BEGIN Source material

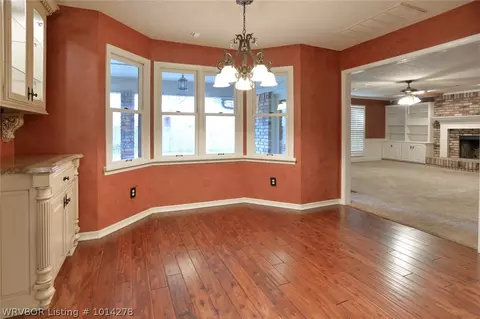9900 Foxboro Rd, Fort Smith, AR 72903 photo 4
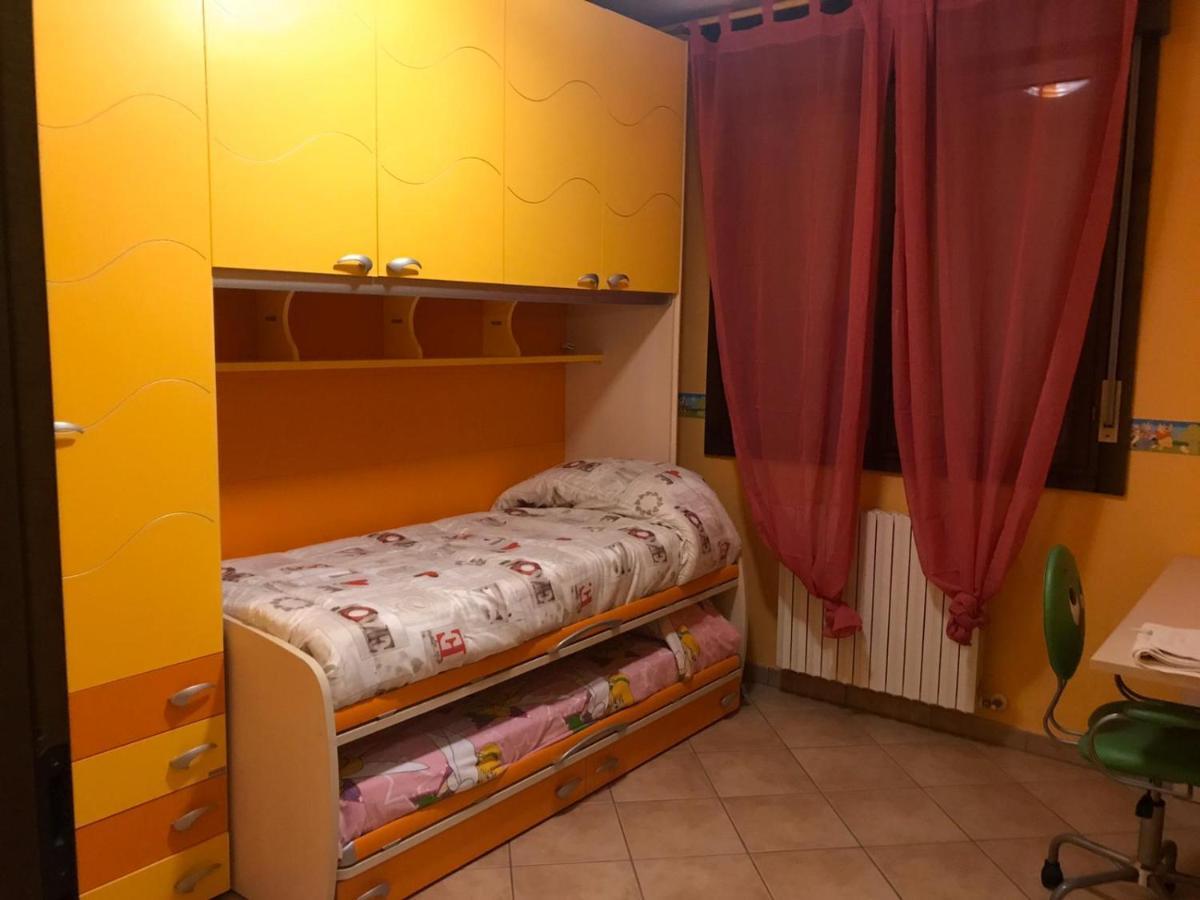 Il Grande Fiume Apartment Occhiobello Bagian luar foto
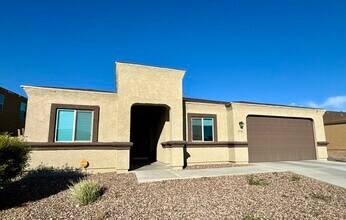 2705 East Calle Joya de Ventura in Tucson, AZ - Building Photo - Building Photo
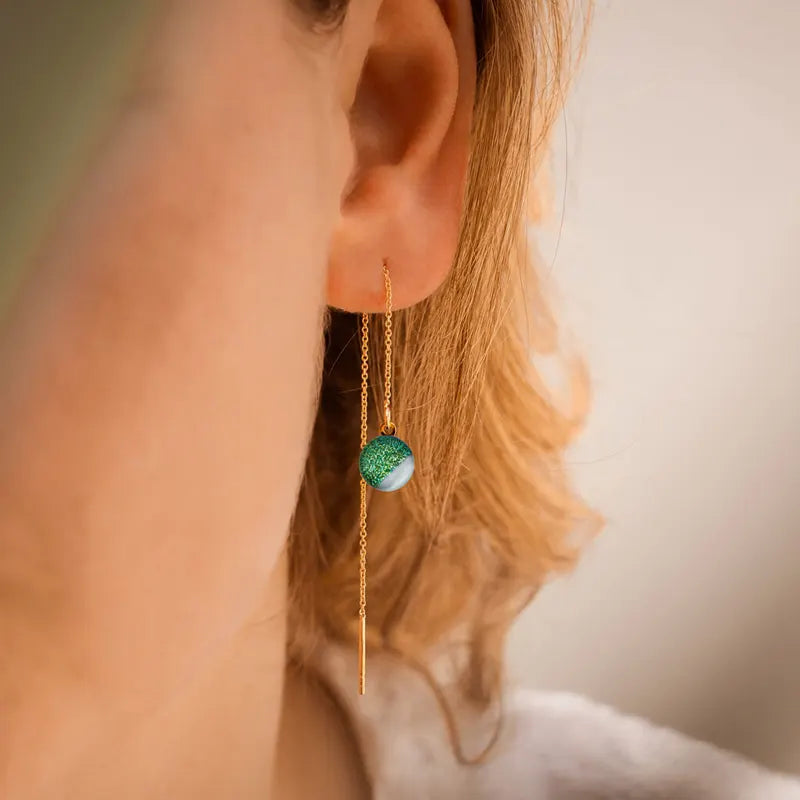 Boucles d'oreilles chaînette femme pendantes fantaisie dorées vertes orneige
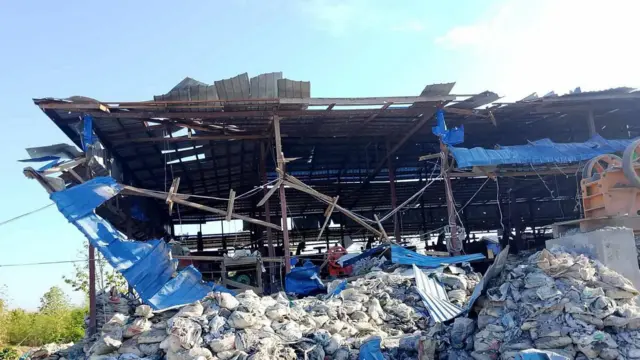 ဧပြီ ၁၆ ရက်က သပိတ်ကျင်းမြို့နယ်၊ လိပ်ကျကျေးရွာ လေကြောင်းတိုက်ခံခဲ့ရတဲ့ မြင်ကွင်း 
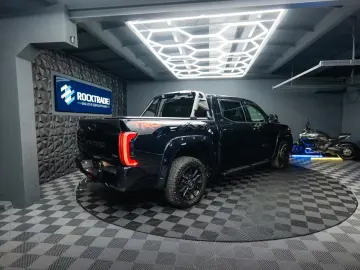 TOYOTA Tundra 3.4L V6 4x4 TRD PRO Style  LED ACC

END Source material
BEGIN Source material

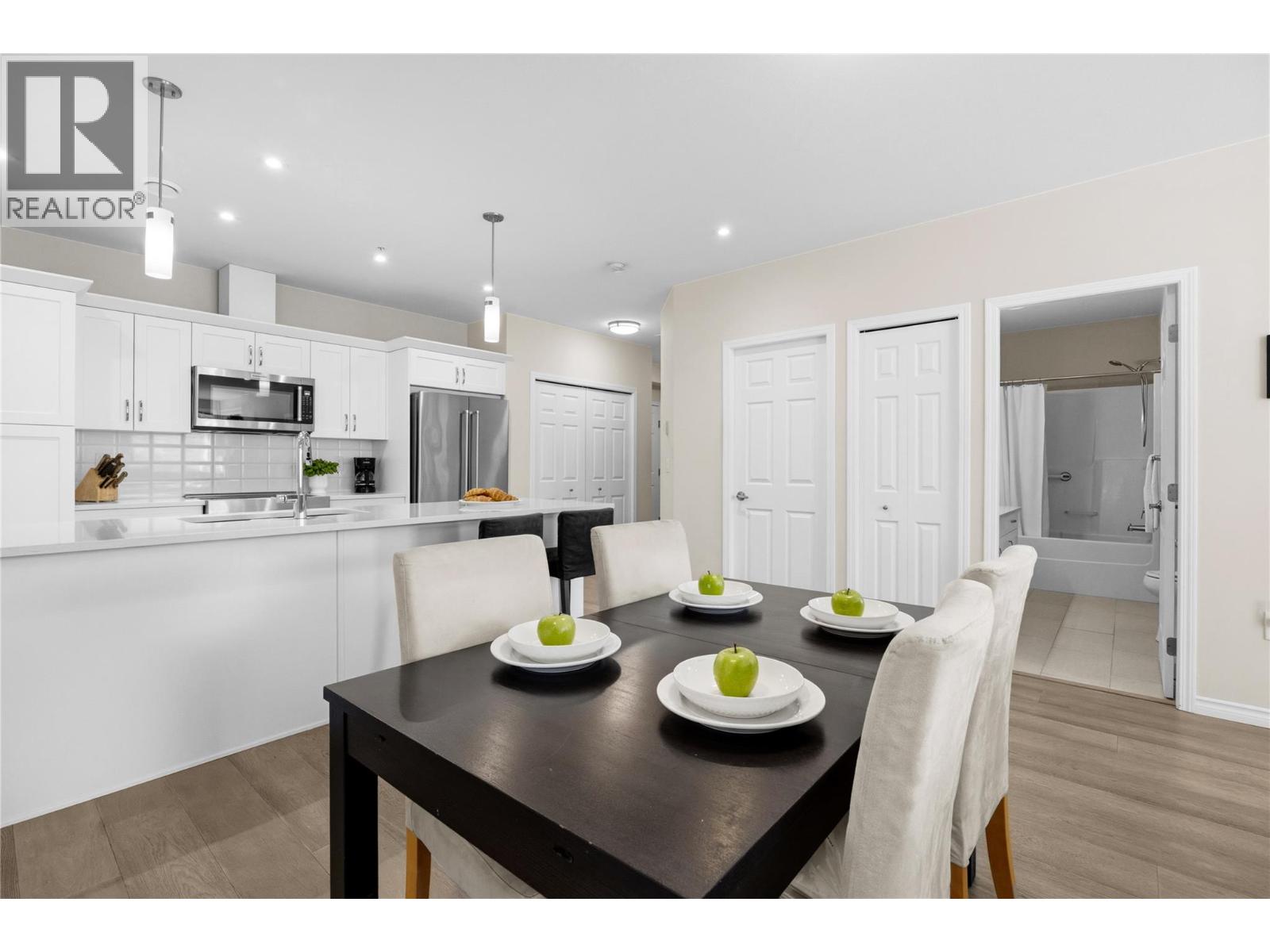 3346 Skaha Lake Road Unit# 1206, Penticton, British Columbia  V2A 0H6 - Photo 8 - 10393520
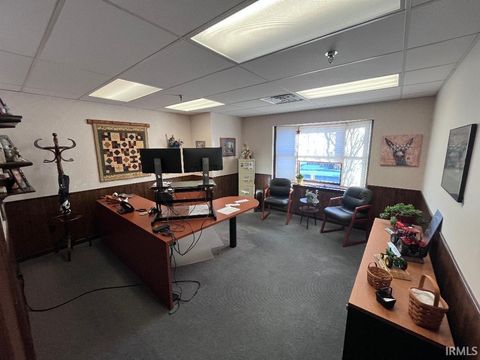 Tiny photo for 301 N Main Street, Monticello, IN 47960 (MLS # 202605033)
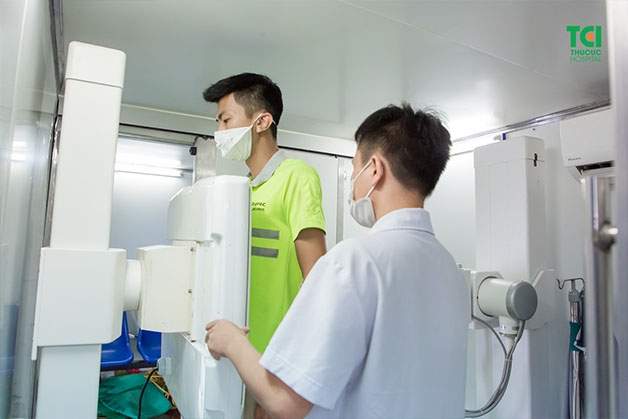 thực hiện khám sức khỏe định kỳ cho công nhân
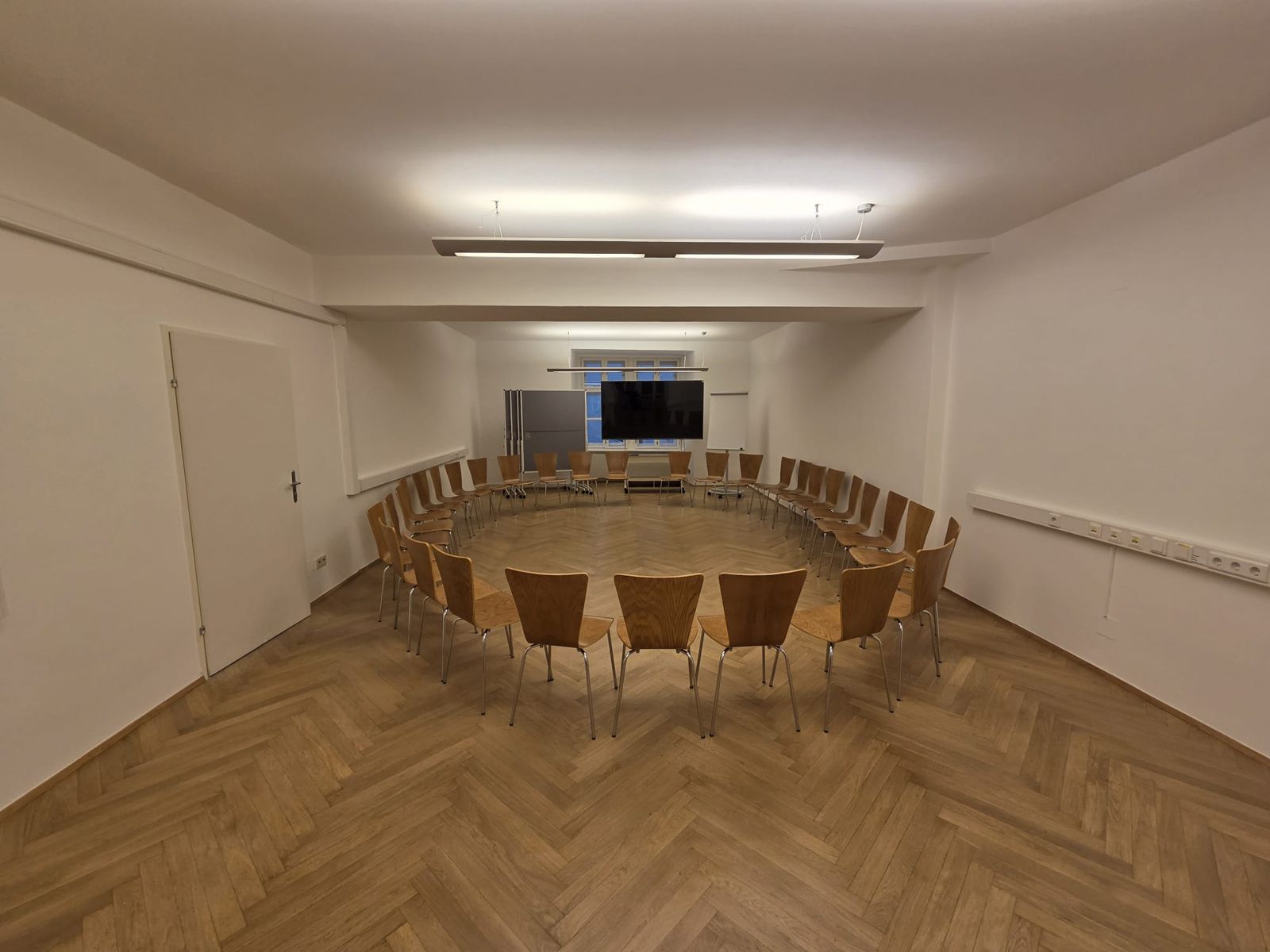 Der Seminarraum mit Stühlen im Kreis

END Source material

◆ **About this exercise**:
Leaving out all pictures, set down exactly the lines of the material above, from the line with "3346 Skaha Lake" to the line with "Der Seminarraum mit Stühlen im Kreis" inclusive, and no others.

◆ **Exercise result**:
 3346 Skaha Lake Road Unit# 1206, Penticton, British Columbia  V2A 0H6 - Photo 8 - 10393520
 Tiny photo for 301 N Main Street, Monticello, IN 47960 (MLS # 202605033)
 thực hiện khám sức khỏe định kỳ cho công nhân
 Der Seminarraum mit Stühlen im Kreis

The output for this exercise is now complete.